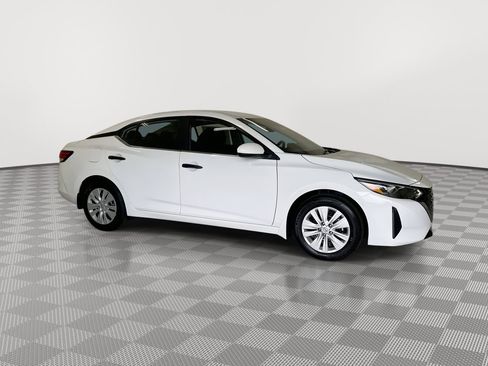 Certified 2025 Nissan Sentra S image 13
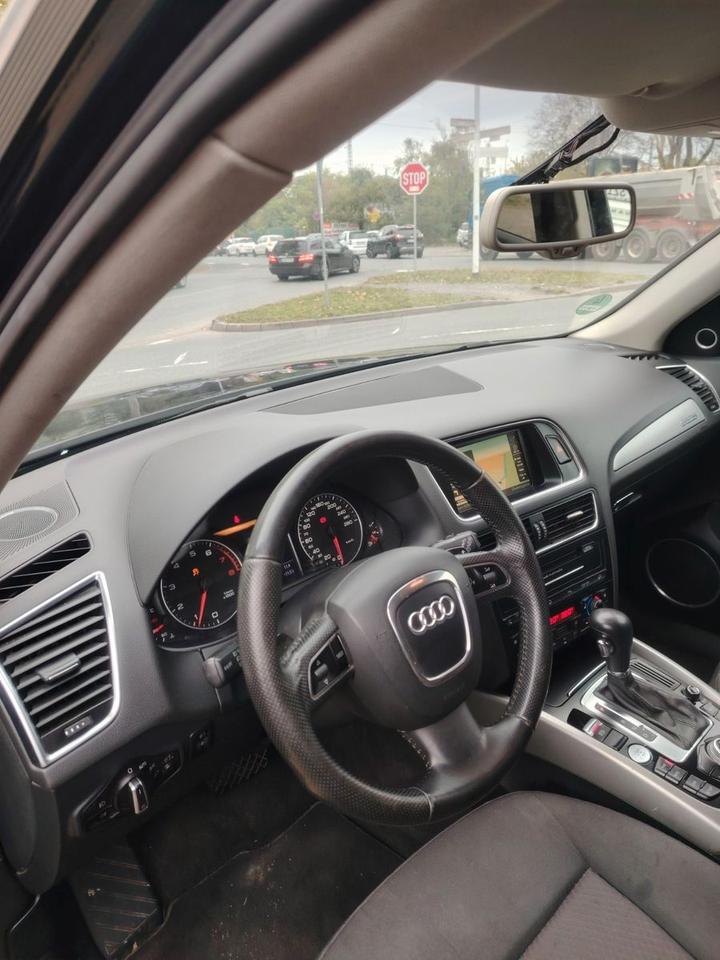 Audi Q5 2009 — photo 8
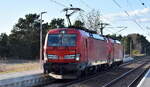 DB Cargo AG, Mainz [D] mit der Doppeltraktion Vectrons   193 035  [NVR-Nummer: 91 80 6193 035-3 D-DB] +  193 367  [NVR-Nummer: 91 80 6193 367-0 D-DB] Richtung Ziltendorf EKO am 08.04.26 Höhe Bahnhof Wiesenau.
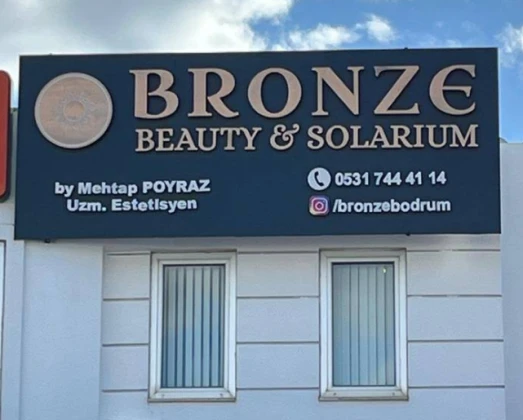 Bronze Beauty And Solarium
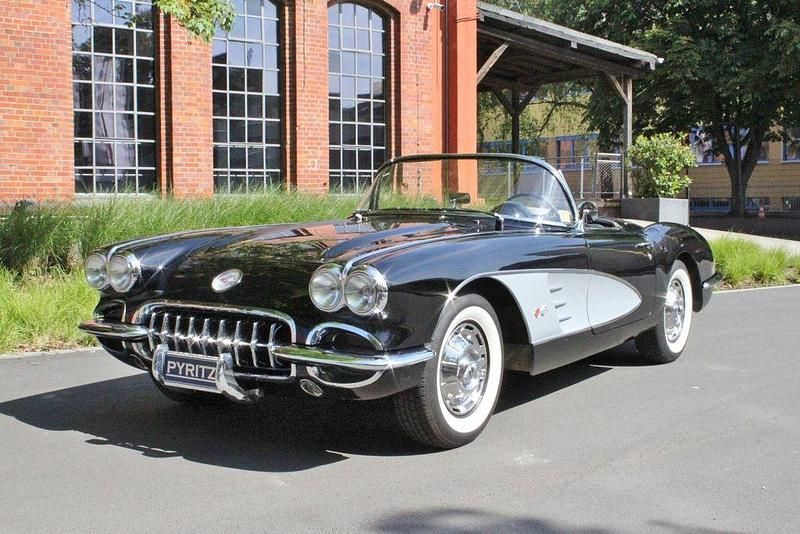 Schwarz Gebraucht 1960 Corvette C1 Cabrio | 92.900 € - Bild 1/4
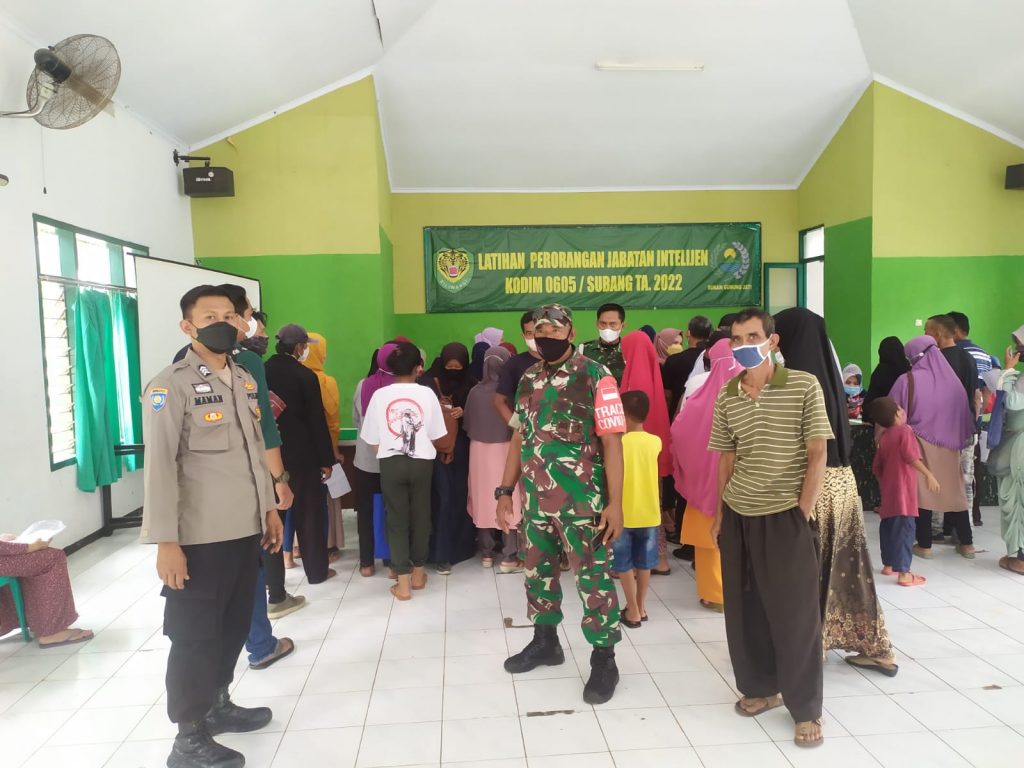 Kapolsek Subang Melakukan Kegiatan Pengamanan Dan Monitoring  BPNT ( Bantuan Pangan Non Tunai ) Tahap 1 Gel. 2 Kepada Masyarakat Kel. Cigadung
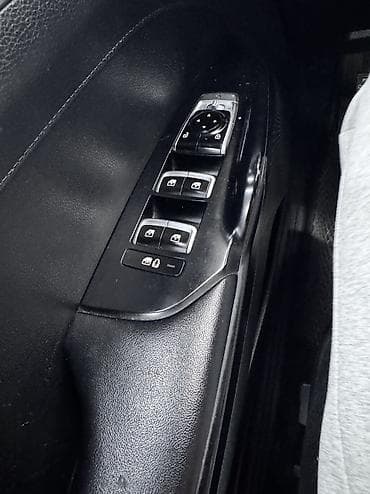 kia 2023: Kia K5: 2020 г., 2 л, Автомат, Газ, Фастбек — 9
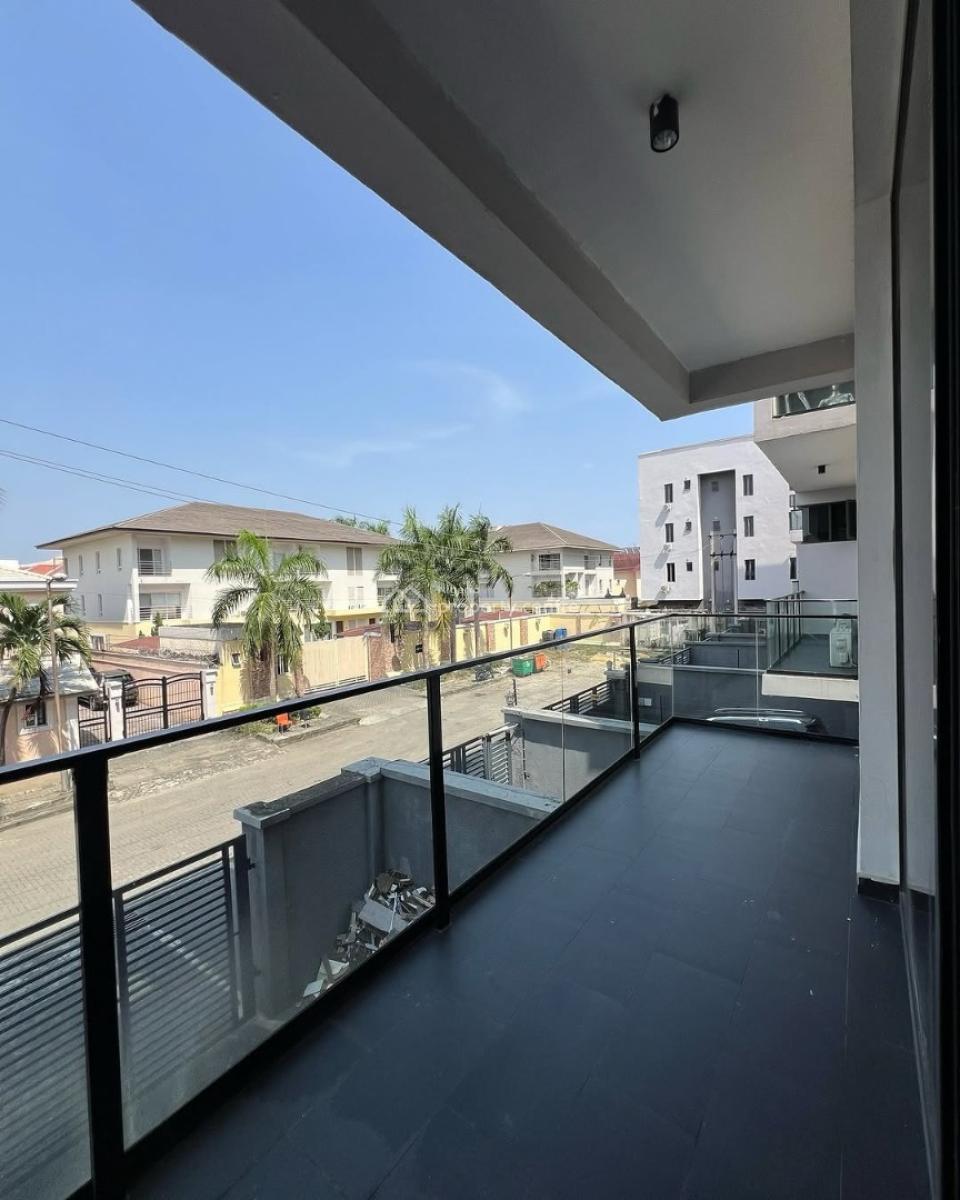 4 Bedroom Maisonette, Admiralty Way, Lekki Phase 1, Lekki, Lagos, Flat / Apartment for Rent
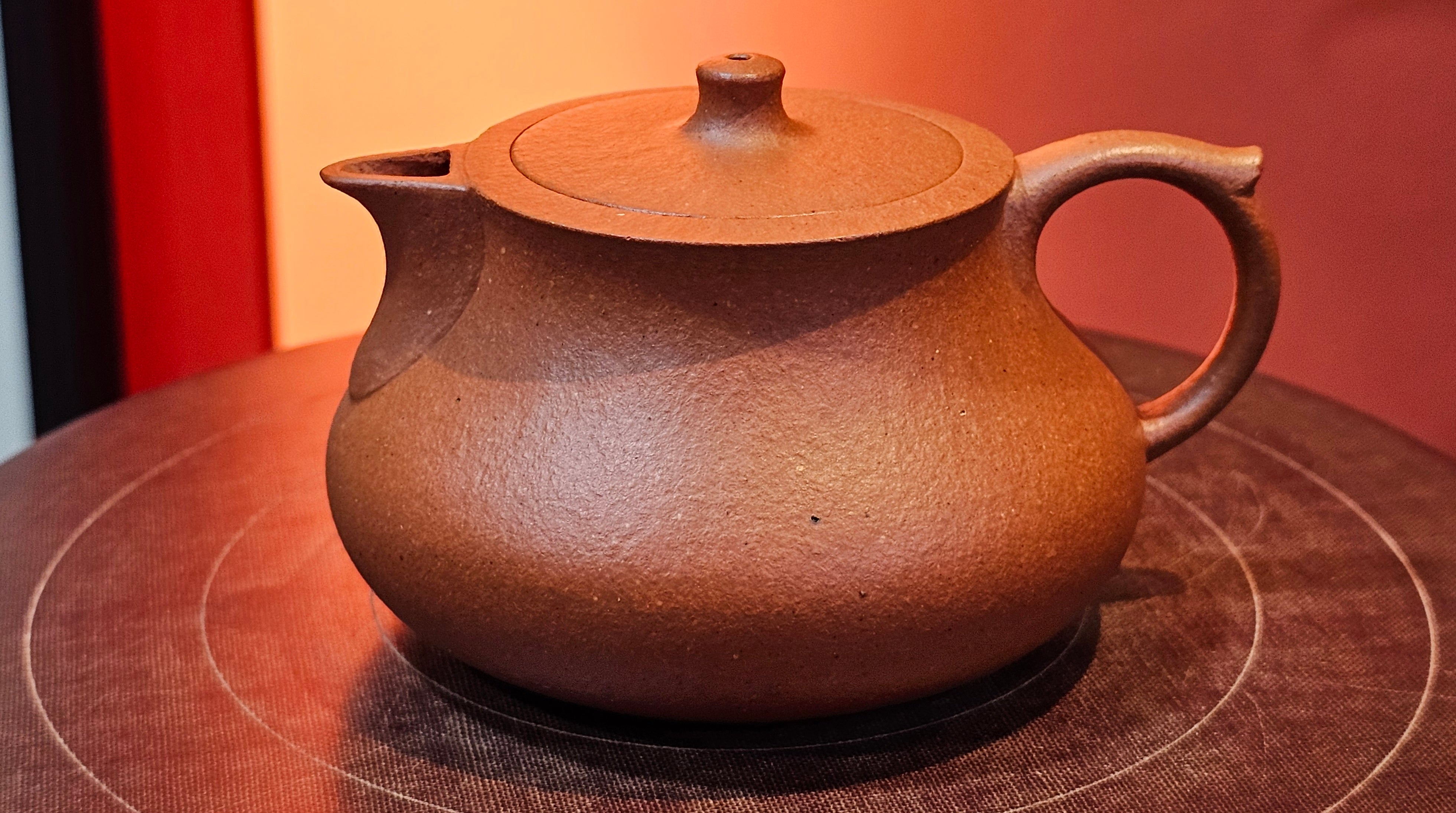 Le Rong 乐荣, 123.0ml, rare Zhu Sha 朱砂 (highest granularity form of ZhuNi), by Craftsman Gu Xiao Ming 顾小明 ~ Congratulations!to Mr S.L.! 2041hrs 13th Oct 2025, Copenhagen, Denmark🇩🇰!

· · · · · · ·

Activity: Pictures excluded, transcribe the listing above exactly from the line with "Schwarz Gebraucht 1960" through the line with "kia 2023: Kia", and no further.

Exercise response:
 Schwarz Gebraucht 1960 Corvette C1 Cabrio | 92.900 € - Bild 1/4
 Kapolsek Subang Melakukan Kegiatan Pengamanan Dan Monitoring  BPNT ( Bantuan Pangan Non Tunai ) Tahap 1 Gel. 2 Kepada Masyarakat Kel. Cigadung
 kia 2023: Kia K5: 2020 г., 2 л, Автомат, Газ, Фастбек — 9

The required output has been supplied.